Stage B: Write spec.md (freeze decisions)

Goal: Turn decisions into unambiguous requirements.

markdown

# spec.md

## Purpose
One paragraph: what this is for.

## Non-Goals
Explicitly state what you are NOT building.

## Interfaces
Inputs/outputs, data types, file formats, API endpoints, CLI commands.

## Key Decisions
Libraries, architecture, persistence choices, constraints.
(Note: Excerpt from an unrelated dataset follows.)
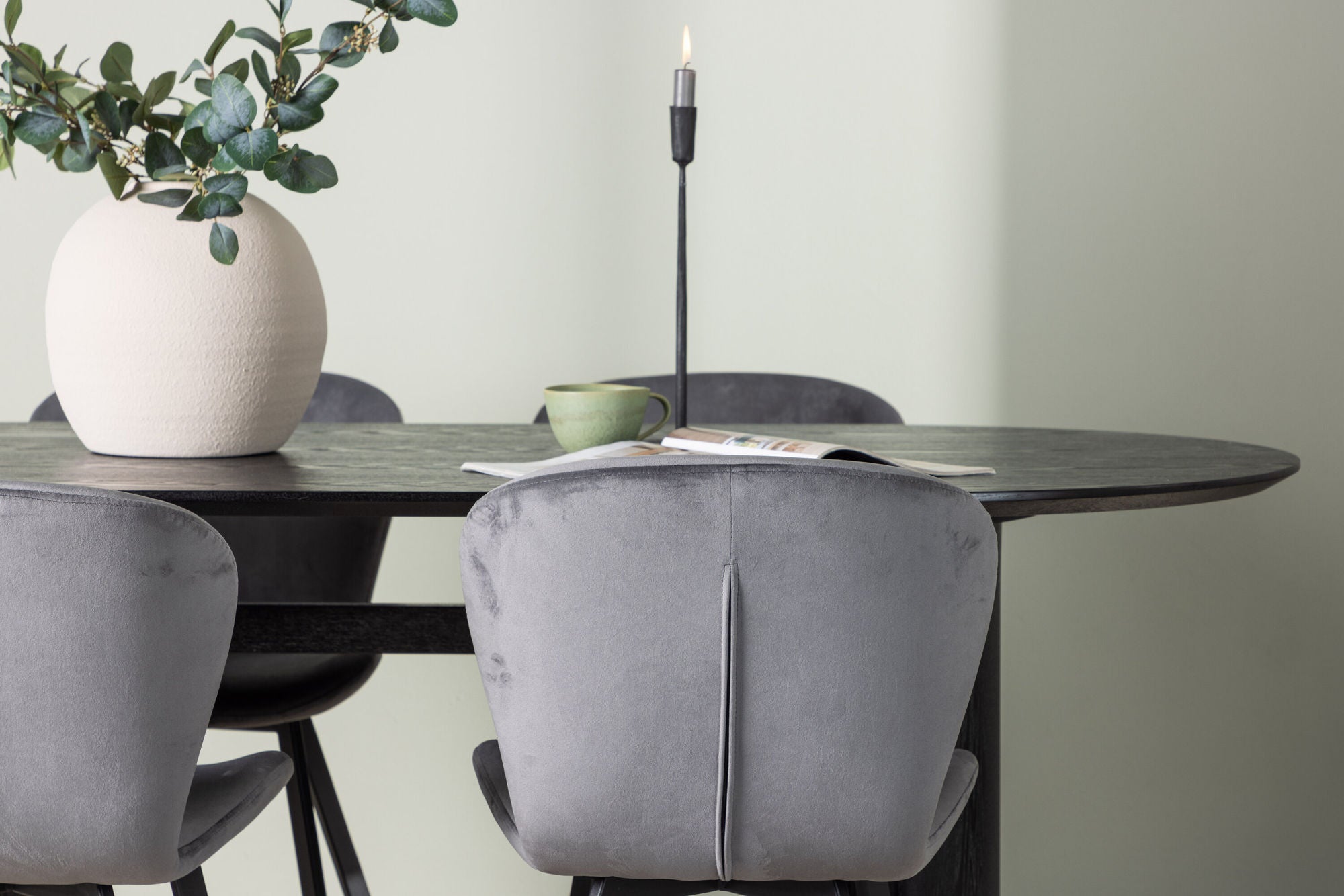 Venture Home Isolde spisebord 180*75 - Black / Black MDF +Lilja Spisebordsstol - Black / Dark grey Fabric _4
## Edge Cases and Failure Modes
Timeouts, retries, partial failures, invalid input, concurrency, idempotency.

## Acceptance Criteria
Bullet list of testable statements. Avoid "should be fast."
Prefer: "processes 1k items under 2s on M1 Mac."

## Test Plan
Unit/integration boundaries, fixtures, golden files, what must be mocked.
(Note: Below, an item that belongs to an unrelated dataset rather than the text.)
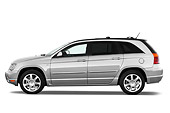 AUT 15 IZ0677 01
2009 Chrysler Pacifica Touring Silver Profile View Studio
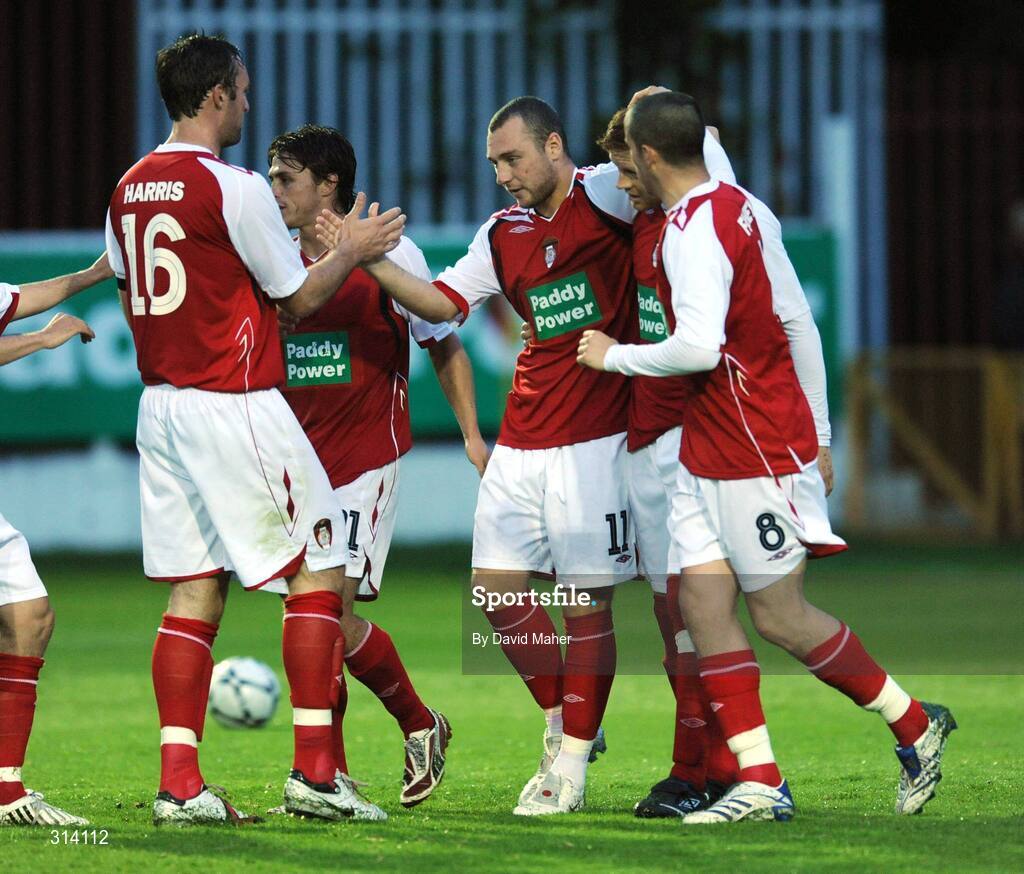 31 July 2008; Mark Quigley, St Patrick's Athletic, third from right, celebrate with team-mates after scoring his side's second goal. UEFA Cup First Qualifying Round, 2nd Leg, St Patrick's Athletic v JFK Olimps, Richmond Park, Dublin. Picture credit: David Maher / SPORTSFILE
Stage C: Generate todo.md (planning mode)

Goal: Stepwise checklist where each step has a verification command.

markdown

# todo.md

- [ ] Add project scaffolding (build/run/test commands)
  Verify: `npm run build && npm test`

- [ ] Implement module X with interface Y
  Verify: `npm test -- --grep "module X"`

- [ ] Add tests for edge cases A/B/C
  Verify: `npm test -- --grep "edge cases"`

- [ ] Wire integration
  Verify: `npm run integration`

- [ ] Add docs
  Verify: `npm run docs && open docs/index.html`

Each item must be independently checkable. This prevents "looks right" progress.

Stage D: Execute Changes (implementation mode)

Goal: Small diffs, frequent verification, controlled context.

Rules:

•One logical change per step
•Keep focus on one interface at a time
•After each change: run verification command, paste actual output back
•Commit early and often

For large codebases:

•Provide only relevant files plus spec/todo
•If summarizing repo, do it once and keep as reusable artifact

Stage E: Verify and Review (adversarial mode)

Goal: Force the model to try to break its own work.

Prompts:

•"Act as a hostile reviewer. Find correctness bugs, not style nits. List concrete failing scenarios."
•"Given these acceptance criteria, which are not actually satisfied? Be specific."
•"Propose 5 tests that would fail if the implementation is wrong."

Stage F: Decide What Lasts

Goal: Keep the system easy to delete and rewrite.

Heuristics:

•Keep "policy" (business rules) separate from "mechanism" (I/O, DB, HTTP)
•Prefer shallow abstractions that can be removed without cascade
•Invest in tests and fixtures more than clever architecture

The Three-File Convention

Keep at the root of every project:

code

spec.md      # what/why/constraints
todo.md      # steps + verification commands
decisions.md # tradeoffs, rejected options, assumptions

Agent Readiness Checklist (IMPACT)

Before running autonomous/agentic execution, verify:

Dimension	Question	If No...
Intent	Do you have acceptance criteria and a test harness?	Don't run agent
Memory	Do you have durable artifacts (spec/todo) so it can resume?	It will thrash
Planning	Can it produce/update a plan with checkpoints?	It will improvise badly
Authority	Is what it can do restricted (edit, test, commit)?	Too risky
Control Flow	Does it decide next step based on tool output?	It's just generating blobs
Tools	Does it have minimum necessary tooling and nothing extra?	Attack surface too large

Approve at meaningful checkpoints (end of todo item, after test suite passes), not every micro-step.

Prompt Patterns

Authoritarian (for correctness):

code

Edit these files: [paths]
Interface: [exact signatures]
Acceptance criteria: [list]
Required tests: [list]
Don't change anything else.

Options and tradeoffs (for design):

code

Give me 3 options and a recommendation.
Make the recommendation conditional on constraints A/B/C.

Context discipline (for large codebases):

code

Only use the files I provided.
If you need more context, ask for a specific file and explain why.

Make it provable:

code

Add a test that fails on the buggy version and passes on the correct one.

Output Format

When this skill activates, produce:

code

SPEC-FIRST WORKFLOW

STAGE A - FRAMING:
[3 approaches with tradeoffs]
[Recommendation]

STAGE B - SPEC:
[Draft spec.md content]

STAGE C - TODO:
[Draft todo.md with verification commands]

Ready to proceed to Stage D (execution)?